To further analyze the characteristics of deformation fields produced by different methods, figure 3 provides a detailed visualization of the deformation fields. The first two rows show visual comparison results with zoomed-in regions, where it can be seen that our method’s edges align better with the Canny-extracted fixed image edges than other methods. The third row’s Jacobian determinant color-coded maps reveal the local volume changes of the deformation: our LMBS-INR method shows smooth and physiologically plausible expansion-contraction patterns, with Jacobian values closer to the ‘ground truth’. In contrast, methods such as TransMorph and MultiGradICON exhibit extreme Jacobian values (deep red or blue regions) in certain areas, indicating unreasonable local compression or expansion.

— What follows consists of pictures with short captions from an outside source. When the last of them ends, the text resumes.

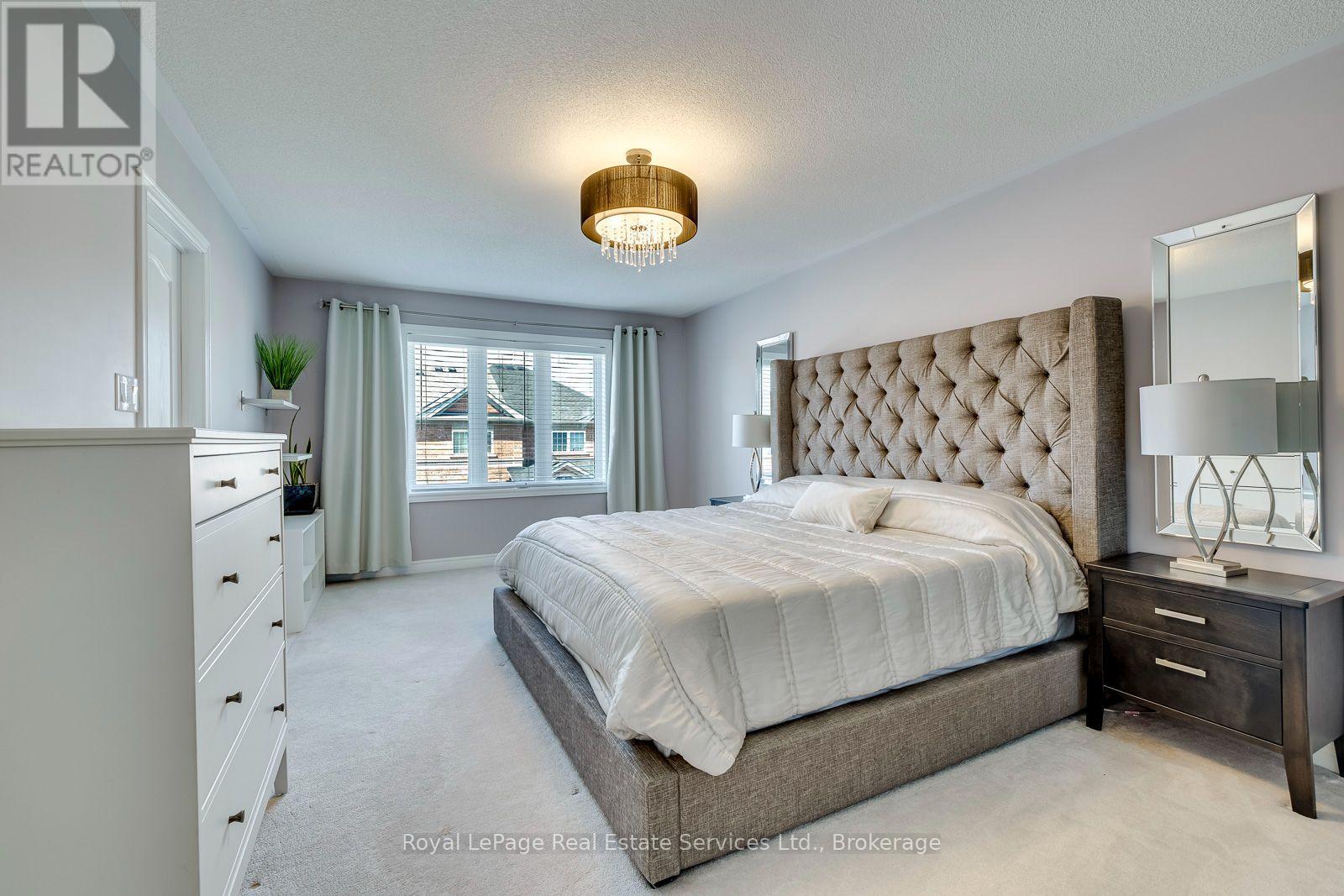 23 DIAMOND LEAF LANE - 15
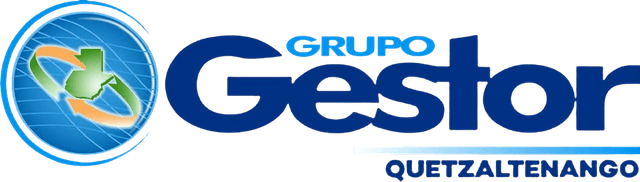 Red Nacional de Grupos Gestores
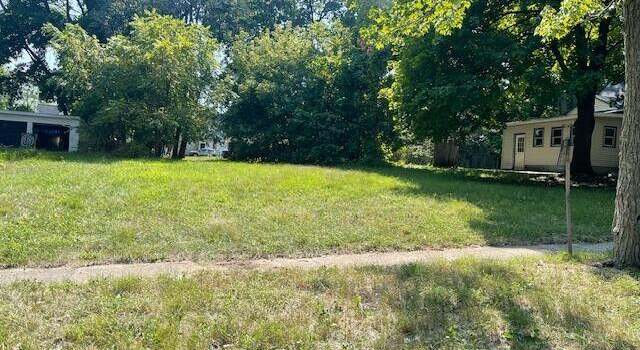 Photo of 411 Mechanic St, Albion, MI 49224
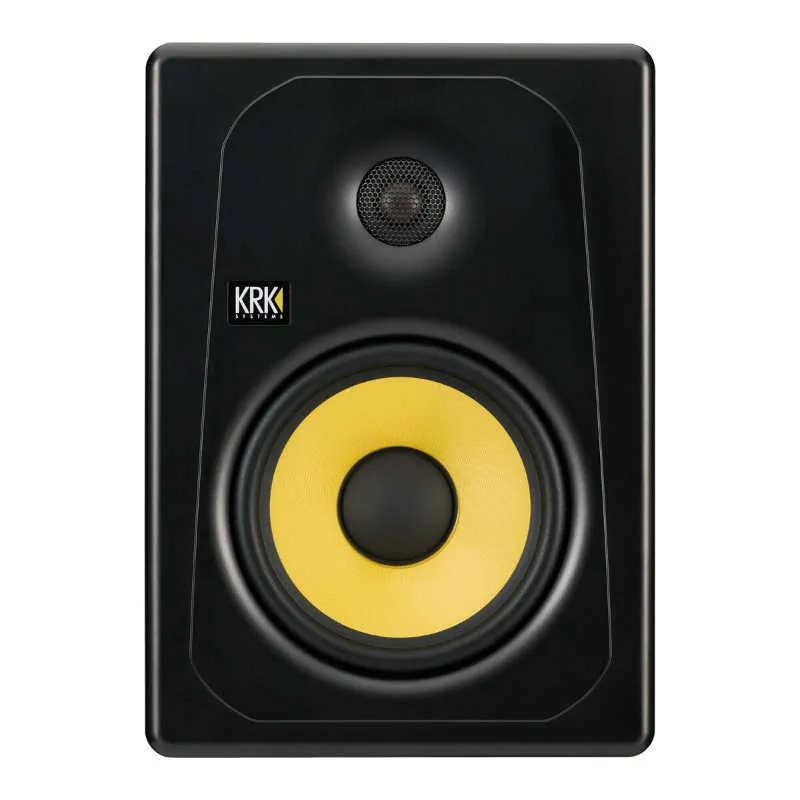 KRK SYSTEMS KRK Kreate 8 Monitor studyjny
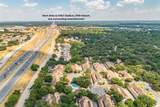 5945 Chimney Wood Circle - Photo 40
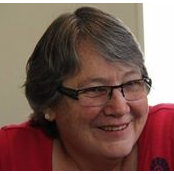 Foto von Heather Harrop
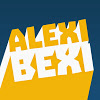 AlexiBexi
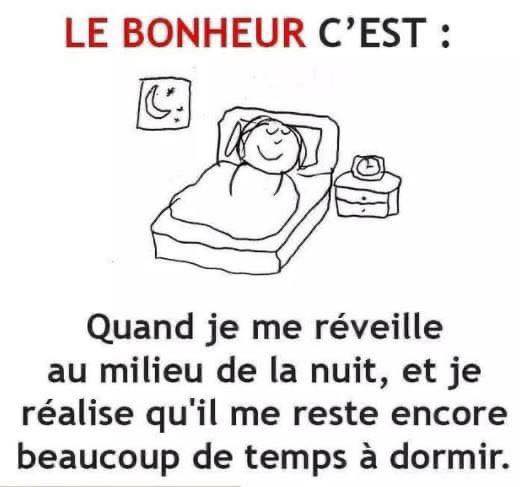 bonheur.jpg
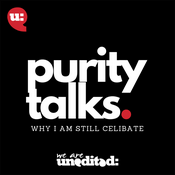 Podcast Purity Talks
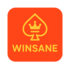 Winsane Casino - Online Casino Danmark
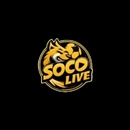 socolive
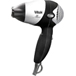 ��� VITEK VT-1320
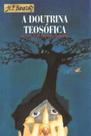 Livro - A doutrina teosófica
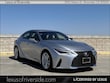 LEXUS IS 300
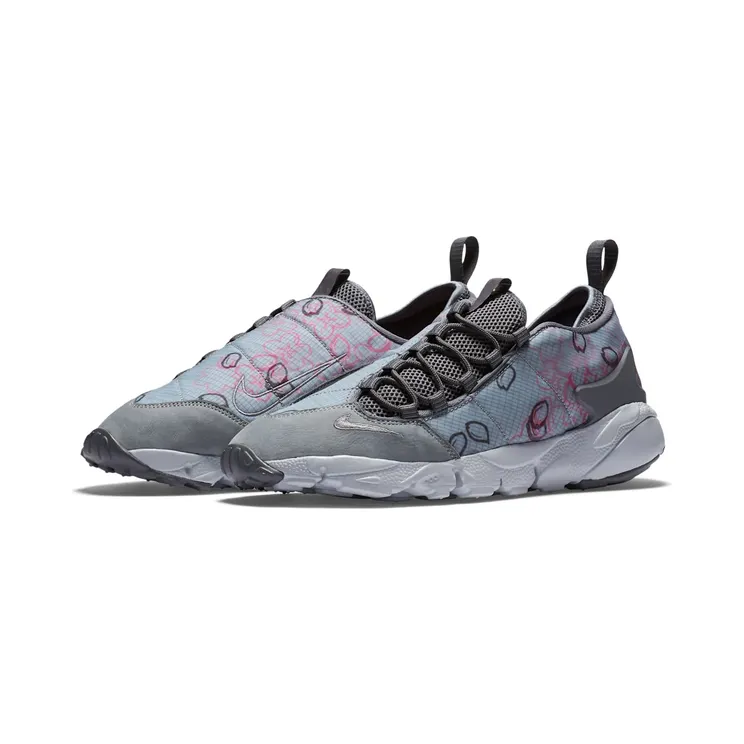 nike-air-footscape 846786-002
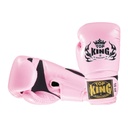 Top King Boxhandschuhe Super Air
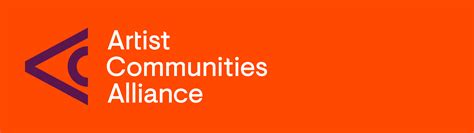 The Croft Residency Artist Communities Alliance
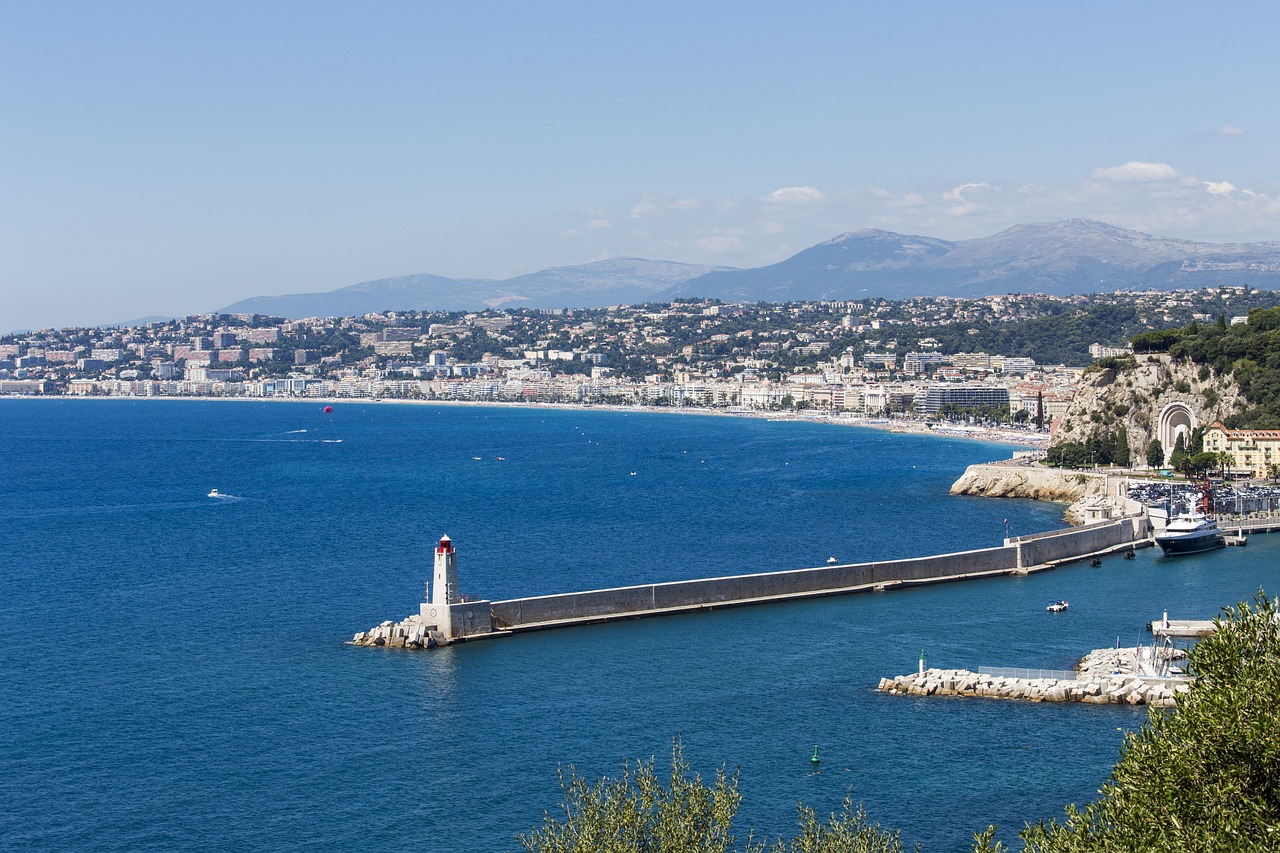 Sanremo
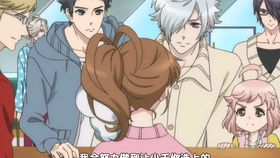 兄弟战争游戏闪亮蔚蓝,闪耀的青春篇章(图2)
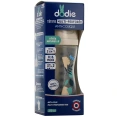 Dodie Biberon Tétine Multi-Perforée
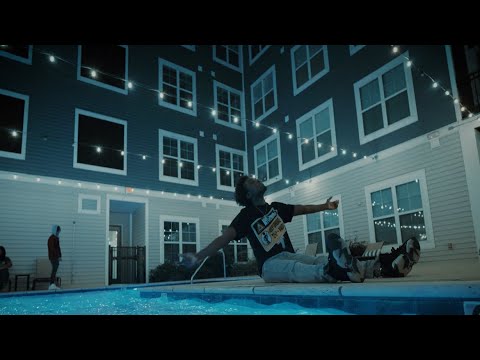 Video thumbnail for All Day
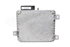 Bild von Wegfahrsperre set Rover Serie 400 aus 1995 zu 2000 | MKC104020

The fourth row displays the deformation field’s direction vectors and displacement magnitude, clearly showing the local displacement patterns estimated by each method, with our method’s displacement magnitude closest to the ‘ground truth’. The fifth row’s grid deformation visualization further confirms that grid deformations produced by our LMBS-INR method are smooth and regular, while other methods show varying degrees of grid distortion and folding, with larger deviations from the ‘ground truth’. It is worth emphasizing that all evaluated registration methods (including our LMBS-INR) are fully unconstrained 3D registration algorithms that allow free deformation in all spatial directions, not just the phase encoding direction. Therefore, from the visualization results in the fourth and fifth rows, we can see that the registration results of our LMBS-INR are more consistent with physical plausibility.

Visualization of deformation fields produced by different methods on the simulated distortion dataset. The first row displays the fixed image, distorted image, and registered images using different methods, with orange contours of the fixed image extracted by Canny edge detection and overlaid on different images. The second row shows zoomed-in regions of the first row. The third row shows Jacobian determinant maps with color coding indicating local volume changes of the deformation: red indicates expansion, blue indicates contraction. The fourth row displays the deformation field’s direction vectors and displacement magnitude, and the fifth row shows grid deformation visualization revealing local deformation patterns.

Comparison with TOPUP method

3.3.

TOPUP is a widely used distortion correction method that requires additional acquisition of reverse phase-encoded images, utilizing bi-directional images (AP/PA, for instance) to estimate the distortion field. To further validate the effectiveness of our method, we compared it with the TOPUP method on the ON-Harmony dataset, using TOPUP’s distortion correction results as ‘ground truth’. Our method and other baseline methods use routinely acquired T2-weighted structural images as anatomical references to directly correct DWI distortions (phase-encoded along the AP direction). Figure 4 presents visual and quantitative comparison results on representative cases. In the visual assessment (upper panels of figure 4), the correction results produced by our method are very close to the TOPUP reference, demonstrating excellent alignment in critical anatomical regions such as ventricular boundaries and cortical structures. Although the zoomed-in regions in rows 2 and 4 of figure 4 show that our method’s boundaries have approximately one-voxel differences in some areas, the overall alignment is very good, while other baseline methods (particularly CorrMLP and MultiGradICON) exhibit substantially larger deviations. Quantitative evaluation (bottom panel of figure 4) further confirms these observations. Using TOPUP-corrected images as reference, our LMBS-INR method achieved the highest average PSNR of 27.688, NCC of 0.921, and SSIM of 0.838 among all evaluated methods. In contrast, DINO-Reg, as the second-best method, achieved an average PSNR of 27.271, NCC of 0.915, and SSIM of 0.830. These results demonstrate that our proposed registration-based method can achieve distortion correction performance close to the TOPUP method without requiring additional specialized reverse phase-encoding scans.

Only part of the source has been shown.